The Deep end Games, un team di sviluppo indipendente formato da veterani provenienti da titoli come Bioshock e Dead Space, ci trascina nell’oscurità di Echo Bluff. Perception è un titolo dalle caratteristiche prettamente Horror che riesce però a distinguersi per le sue meccaniche insolite ed un setting tutt’altro che scontato.

Alone in the Dark

Quando le menti brillanti che hanno portato alla luce titoli come Bioshock e Dead Space si impegnano per produrre un videogioco indipendente, le orecchie di tutti gli appassionati del genere e del mondo dei videogiochi si drizzano improvvisamente, seguendo con particolare attenzione l’evoluzione di un progetto non legato ai dettami di un publisher. È proprio il caso di Perception, un titolo che ricorda in ogni suo momento le produzioni sopra citate ma che riesce a costruirsi una propria identità attraverso delle meccaniche insolite ed un setting generale molto interessante.

Il titolo ci mette nei panni di Cassie, una ragazza non vedente che, dopo anni di pratica e di sacrifici, è riuscita a trovare un modo per percepire il mondo che la circonda attraverso le onde sonore. Le prime battute di gioco ci illustrano, attraverso una carrellata di sequenze, una vita difficile, fatta di ostacoli che un handicap come la cecità impediscono lo sviluppo di una persona in modo ottimale. La nostra Cassie non è una ragazza che si da per vinta e investe tutte le sue energie in modo da riuscire a percepire il mondo e gli oggetti che la circondano. Seguita da un Medico specializzato, la nostra protagonista è infatti capace di vedere gli oggetti attraverso le onde sonore, proprio come Daredevil, introducendo una struttura di gameplay totalmente innovativa che impone al giocatore una metodica osservazione del mondo circostante. La natura Horror del titolo prende vita già dalle prime fasi di gioco e, sebbene guidato da un incipit non proprio brillante, ci ritroviamo quasi subito all’interno della villa di Echo Bluff.

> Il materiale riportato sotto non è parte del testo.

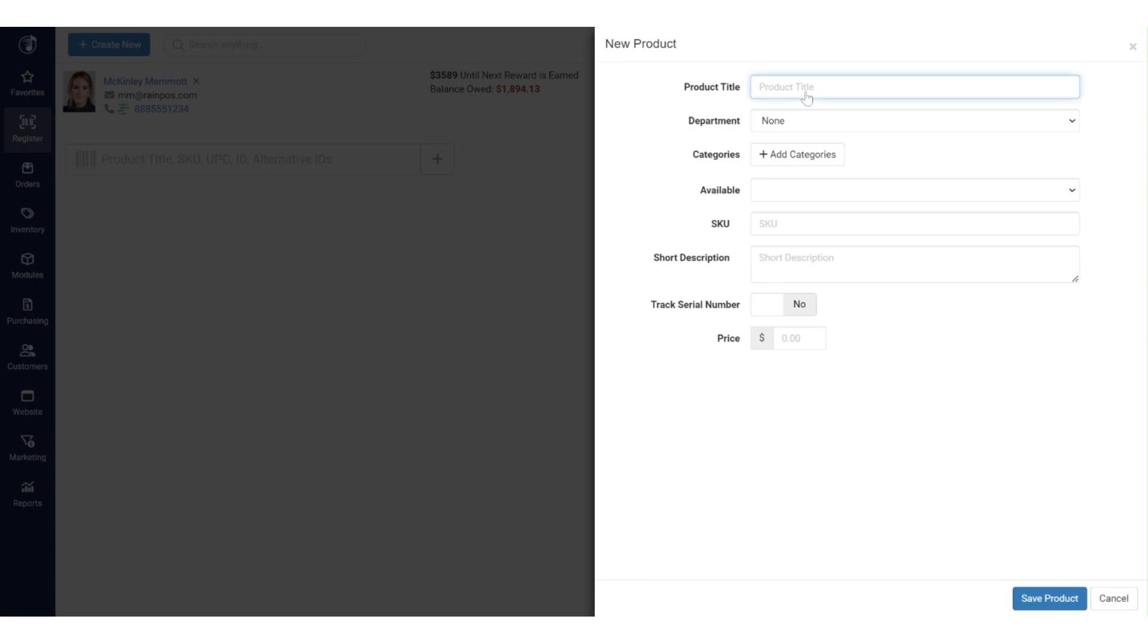You can put in as much or as little information as you want in here. We'll call this our trade-in test two product, and then again, if I want to, I can go supply the rest of the information here. I would suggest that you don't really need to do that, though.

La trama di Perception si sviluppa infatti all’interno delle mura della misteriosa villa che ossessiona Cassie durante i suoi incubi e che si dimostra essere in qualche modo legata alla ragazza da un passato tumultuoso, lo scopo finale di Perception è infatti scoprire la verità sulle origini di Echo Bluff e sul legame che scorre tra Cassie e la villa. Nulla di nuovo sotto il cielo, almeno per molti, villa infestata, incubi e presenze misteriose in un setting tipicamente americano direttamente da Amityville. Ciò che rende Perception unico nel suo genere è però lo stile di gioco che, pur essendo basato sulla cecità della protagonista, fa molta leva sull’esplorazione e sull’interazione ambientale. La nostra Cassie non è però del tutto sprovveduta e può godere di un aiuto tecnologico capace di leggere e comunicare attraverso dei messaggi audio alcune peculiarità del mondo di gioco o decifrare e dare informazioni su determinati oggetti raccolti.

A spasso col Diavolo

Così come accade in numerosissime produzioni del genere, a darci la caccia troveremo una misteriosa presenza. Tale entità ci perseguiterà per tutta la durata del gioco e, nel caso in cui si faccia troppo rumore, saremo costretti più volte a nasconderci nei tanti nascondigli che Echo Bluff ci offre, che sia una semplice cesta in vimini o un baule per finire al classico armadio. Una delle note dolenti del titolo arriva proprio dalla presenza che incombe sulla villa, non dotata di particolare intelligenza sarà facile scappare sebbene molto spesso ci ritroveremo a salvarci per il rotto della cuffia a causa del naturale bisogno di saggiare il mondo circostante per trovare un nascondiglio adeguato. Perception offre inoltre una componente quasi da puzzle game che cerca in qualche modo di tenere impegnata la mente del giocatore ma con scarso successo data l’estrema facilità degli enigmi proposti. Il ritmo del titolo è molto scorrevole e la voglia di sapere cosa si nasconde tra le mura di Echo Bluff spinge il giocatore a superare le prime perplessità riguardanti l’intelligenza artificiale e la relativa facilità dei puzzle, un’esperienza da vivere in costante ansia dovuta alla consapevolezza di essere tutto sommato incapaci di percepire il mondo che ci circonda se non attraverso le sue forme. Perception ci permette di costruire il misterioso legame da Cassie ed Echo Bluff attraverso i ricordi frammentati degli incubi che perseguitano la ragazza, rivelando un lato macabro e molto interessante della produzione che riesce in qualche modo ad arrivare quasi al concetto di Steampunk grazie alla presenza di bamboline meccaniche e altri oggetti appartenenti a tale cultura.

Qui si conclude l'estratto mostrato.